I’ve been blog-blocked.
And when I’m blog-blocked, I’m almost always heart-blocked.
I have heard God speak to me many times before.
And sometimes, in the middle of all that glory, I still hear the things He didn’t say louder than what He did.
When the King of Kings says, “JUMP,” I want my response to be, “How high are You taking me?”
But sometimes it’s, “Where will I land?”
He says to be mama to a little boy - to love him with all of me.
But he hasn’t said anything about the stifling corruption or why it’s so difficult to get a birth certificate. Or about the father that has come back into his life– or how to be mama to a long-distance little boy who suddenly has two families.
He says to build a house with extra rooms. That He’ll fill it and He’ll make it a place for Family.
But he hasn’t me given blueprints, the materials to use, or even a desire to learn the ins and outs of house-building in Africa. He hasn’t told me how He’ll fill the house.
Instead of living under a cloud of glory, I’ve been drenched in a downpour of doubt. His word is complete before He even speaks it, but even God uses the spacebar, an occasional ellipsis, and periods. There’s just no hurry when you are outside of time and space.
But that holy gap that has held me hostage in my own humanity.
Moses physically watched God punctuate the journey to the Promised Land with a cloud by day and a pillar of smoke by night. When it moved, they moved. When it stopped, the stopped. Easy as that, right?
Some things never change.
Thousands of Israelites in the desert filled in the unknowns by melting their own jewelry into a cow-god, throwing carnivorous temper tantrums for a piece of steak, and using all the voice they had left to threaten their leader for a water fountain.
I do it.
Sometimes in more holy-looking ways. And sometimes in less.
I can melt my words into a tear-jerking blog, throw a righteous temper-tantrum for what breaks my own heart, and use all the voice I have to tell God what I want.
Moses got to talk to God face-to-face, like a friend. And Moses still got worn out in the in-betweens. When that Wind blows over you and Holiness sweeps you off your feet, anywhere you land – in the heart of South Africa’s orphan crisis or on Mt. Sinai with a wandering group of former slaves - seems like too much to bear.

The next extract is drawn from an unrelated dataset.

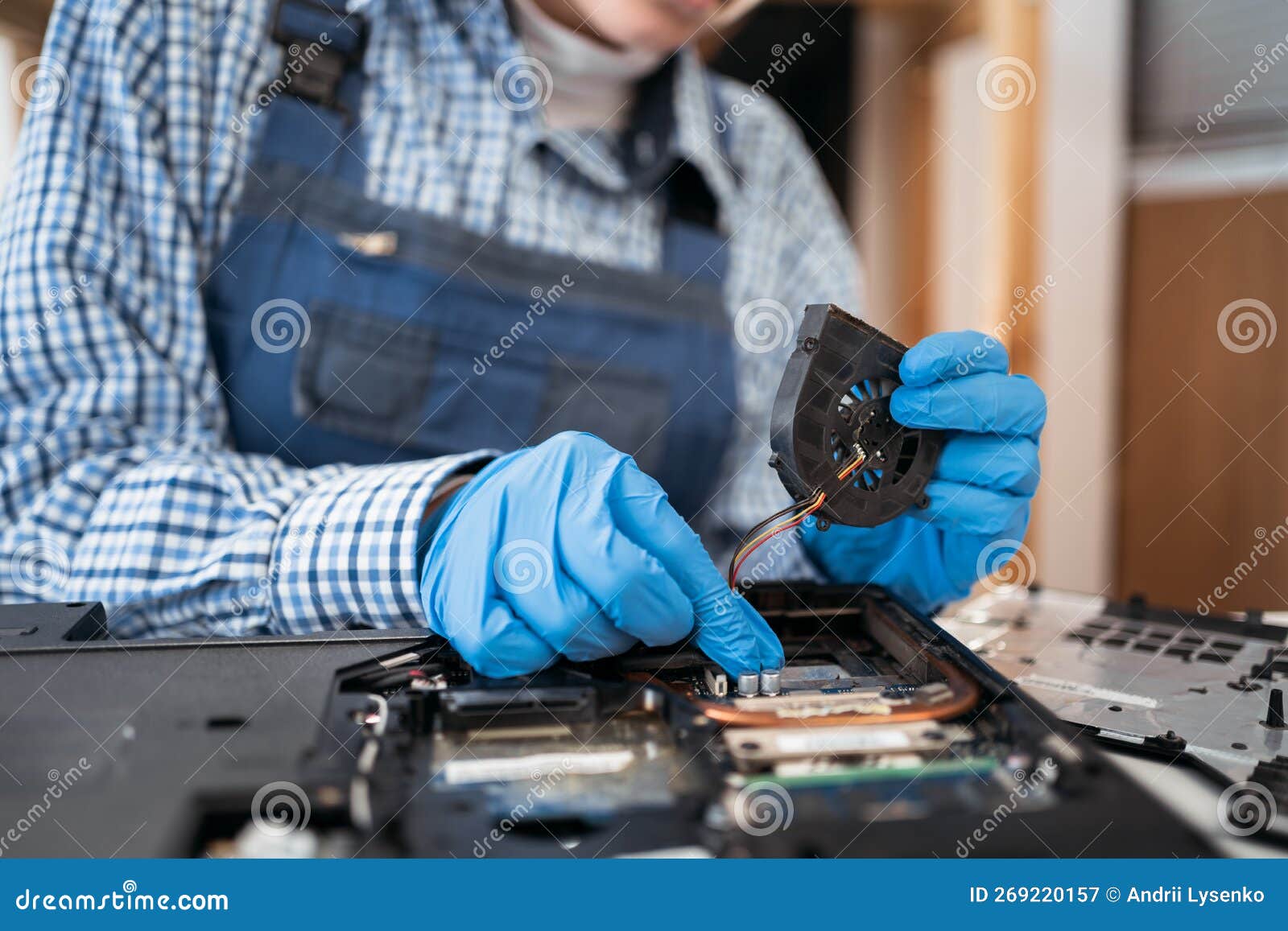 Fixing, Disassembling and Cleaning Laptop Cooling System. Dust and Dirt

I read today in Exodus about the thirsty cry of his people, groaning for water in the middle of a desert. God pulled Moses aside and told him the way the Almighty Provider would pour out His glory and make water spring from a rock. All Moses had to do was speak to the rock and hit it with his staff.

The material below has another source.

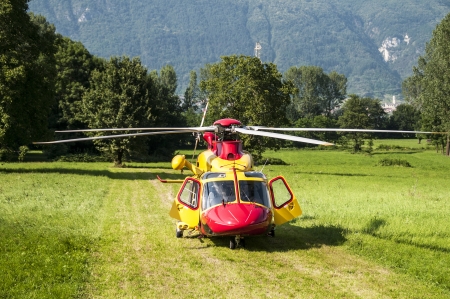 Alpine emergency helicopter rescue, Italyのeditorial素材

Moses walked out with his big stick, spoke to the people, and basked in the glory as the water flowed and the people drank. And that one moment, when Moses spoke to the people instead of the place God directed it, was enough to keep him out of the Promised Land.
I want the promises.
I don’t meet with God face to face, but spirit to spirit. And He gives words.
I get scared in the in-betweens… the waiting days and the wandering days.
My greatest fear is that I heard Him wrong, that I’m just getting swept up in holy romanticism.
I fill in details to answer your questions and mine.
I speak to the people instead of The Rock.
Forgive me Father, for being afraid.
Forgive me for chasing after the details, and for quenching myself in the glory-like emotion of being known. You tell me to build a house named Glory House. Let not one stone be laid if I receive any glory from it. I would rather walk circles around a desert for a lifetime than taste one drop of glory meant for my Father. The Promised Land is not a place human hands can build or blueprint, but a place where I’m going. You are my Rock. You carry me in the holy in-betweens, and you catch me when I stumble in confusion or drift the wrong way. Let me hear, look to, and speak to Your voice for the rest of my days. Amen.
I love you, dear friend reading this blog.
And I need you to know that I don’t know what I’m doing.
Or how to do it.
Sometimes I cry about it. Sometimes I cringe.
Sometimes I say words that are not appropriate to put on this blog.
Some days I don’t even know how to pray, and some days I feel too far away to.
But every day I’m thankful that you read. And that you pray.
And every day God comes and He catches.
So I’m recommitting to you today to take the big stick He’s given me and to speak to the Rock. Let all the glory that the people will drink up will come from the Rock and not from me.